This vote was on whether to kill an amendment by Lindsey Graham, R-S.C., that would have increased educational benefits for military veterans from $1,100 per month to $1,500 per month. It also would have required 12 years of service for the maximum benefit of $2,000 per month, with increases tied to the consumer price index. Additionally it would have allowed National Guard and Reserve members to transfer their education benefits to their spouses and children. The amendment was offered to a bill that would extend collective bargaining rights to public safety employees in states where that is currently prohibited.
Graham said his amendment is intended to help retain people in military service for longer with better educational benefits.
“Not only are we going to give more money to those who serve and leave—a very generous benefit—we are also going to put money on the table for the first time in the history of the GI program to reward those who stay. Most people who serve 20 years are going to come out with a college degree they earned in the military without ever using their benefits. The ability to transfer the benefit to a family member is enormous. Again, it will allow the retired pay—of those who go to 20 years—to have much more bang for the buck. They will have their college paid for,” Graham said.

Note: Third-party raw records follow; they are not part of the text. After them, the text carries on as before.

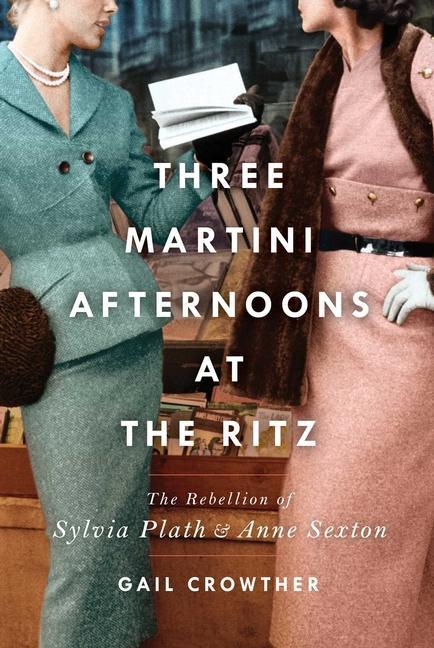 Kniha Three-Martini Afternoons at the Ritz 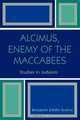 Alcimus, Enemy of the Maccabees, Benjamin Edidin Scolnic 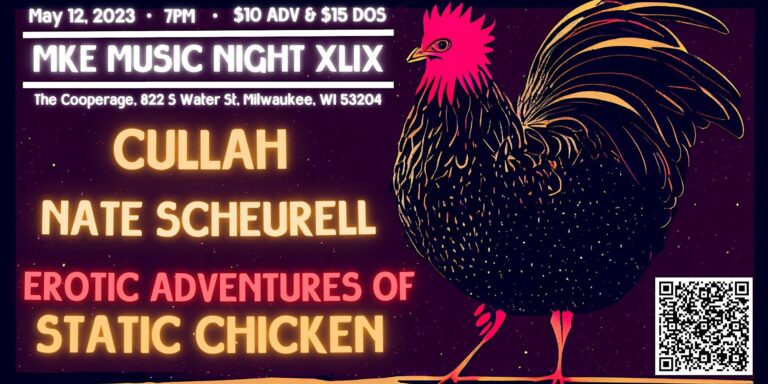 MKE Music Night with Cullah, Nate Scheurell, & Static Chicken
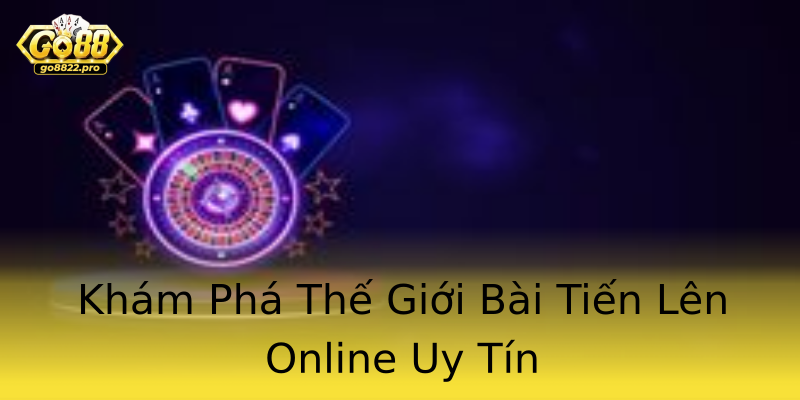 Khám Phá Thế Giới Bài Tiến Lên Online Uy Tín Khám Phá Thế Giới Bài Tiến Lên Online Uy Tín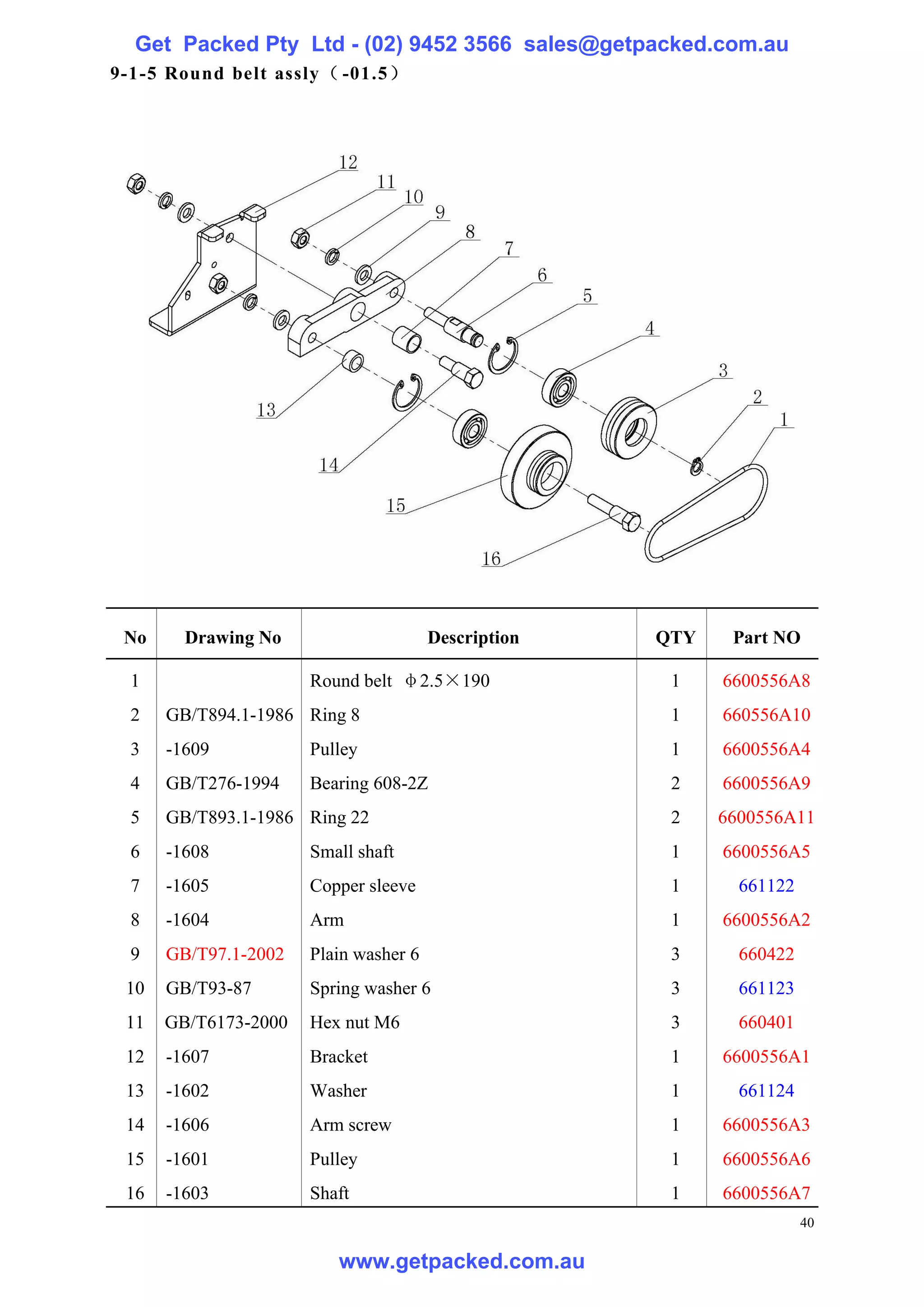Get Packed Pty Ltd - (02) 9452 3566 sales@getpacked.com.au
9-1-5 Round belt assly（ -01.5）




 No     Drawing No                     Description   QTY    Part NO

  1                   Round belt φ2.5×190             1    6600556A8
  2   GB/T894.1-1986 Ring 8                           1    660556A10
  3   -1609           Pulley                          1    6600556A4
  4   GB/T276-1994    Bearing 608-2Z                  2    6600556A9
  5   GB/T893.1-1986 Ring 22                          2    6600556A11
  6   -1608           Small shaft                     1    6600556A5
  7   -1605           Copper sleeve                   1      661122
  8   -1604           Arm                             1    6600556A2
  9   GB/T97.1-2002   Plain washer 6                  3      660422
 10   GB/T93-87       Spring washer 6                 3      661123
 11   GB/T6173-2000   Hex nut M6                      3      660401
 12   -1607           Bracket                         1    6600556A1
 13   -1602           Washer                          1      661124
 14   -1606           Arm screw                       1    6600556A3
 15   -1601           Pulley                          1    6600556A6
 16   -1603           Shaft                           1    6600556A7
                                                                      40

                         www.getpacked.com.au
 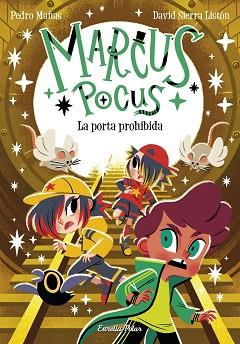 MARCUS POCUS 6. LA PORTA PROHIBIDA | 9788413898650 | MAÑAS, PEDRO/SIERRA LISTÓN, DAVID | Llibreria L'Illa - Llibreria Online de Mollet - Comprar llibres online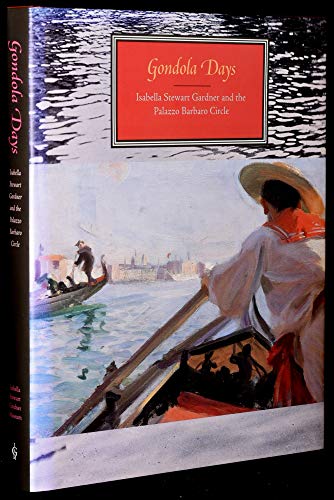 9780914660217: Gondola Days: Isabella Stewart Gardner and the Palazzo Barbaro Circle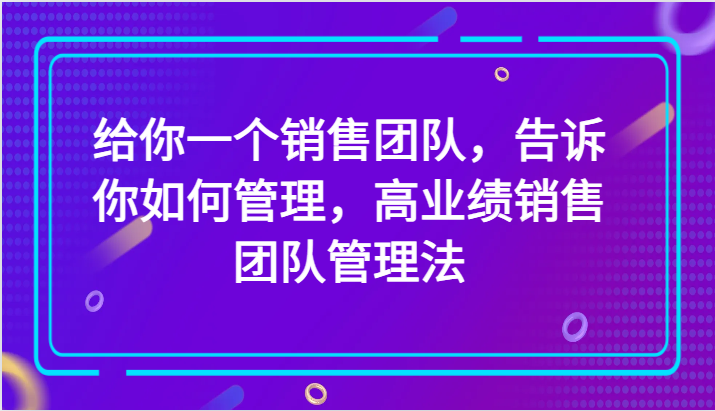 给你一个销售团队，告诉你如何管理，高业绩销售团队管理法（89节课）-吾藏分享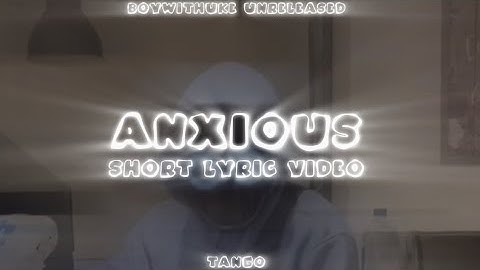 Boywithuke - Anxious (UNRELEASED SNIPPET) (SHORT LYRIC VIDEO)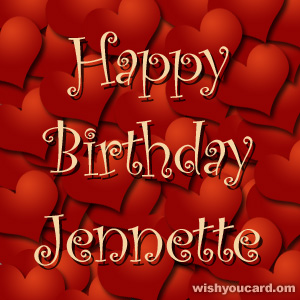 happy birthday Jennette hearts card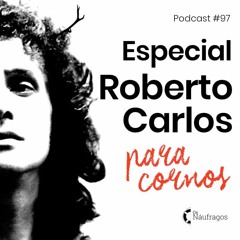 Podcast #97 - Especial Roberto Carlos par cornos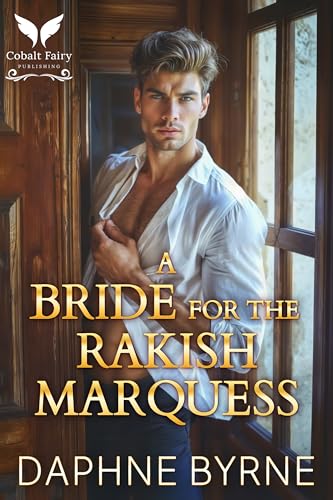 A Bride for the Rakish Marquess - CraveBooks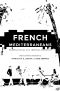 (France Overseas_ Studies in Empire and Decolonization) Patricia M. E. Lorcin, Todd Shepard-French Mediterraneans_ Transnational and Imperial Histories-University of Nebraska Press (2016)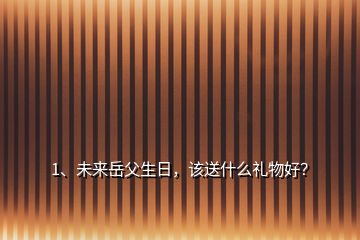 1、未來岳父生日，該送什么禮物好？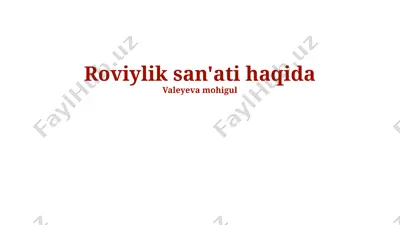 roviylik san'ati haqida taqdimot — PPTX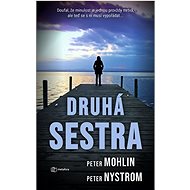 Druhá sestra - Peter Mohlin; Peter Nyström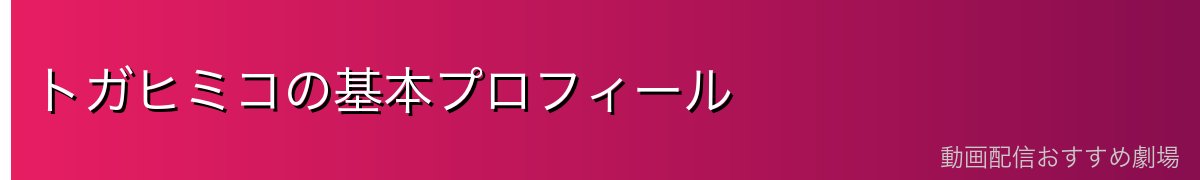 トガヒミコの基本プロフィール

Graham, who is closely aligned with presidential candidate Sen. John McCain, R-Ariz., offered it on McCain’s behalf. Democrats accused Graham and Republicans of attempting to use their platform as senators to, in essence, highlight one of McCain’s key campaign issues. They also charged that the amendment was just a less generous version of a veterans’ education measure introduced by Jim Webb, D-Va.
Senate Majority Leader Harry Reid, D-Nev., said the maneuvering was simply a distasteful attempt to boost McCain’s bid for the presidency.
“There’s a lot of things we can do to bring the presidential politics to what is going on here on the floor,” Reid said. Majority Whip Richard J. Durbin, D-Ill., accused McCain and Graham of hijacking the bill over an unrelated issue. Reid then moved to table (kill) the amendment, which is what this vote was on.
By a vote of 55-42, the Senate killed the amendment. All but six Republicans present voted to retain the amendment. Every Democrat present voted to kill it. The end result of this vote is that the amendment that would have increased military educational benefits was killed, but a Democratic version of this legislation continued to be debated.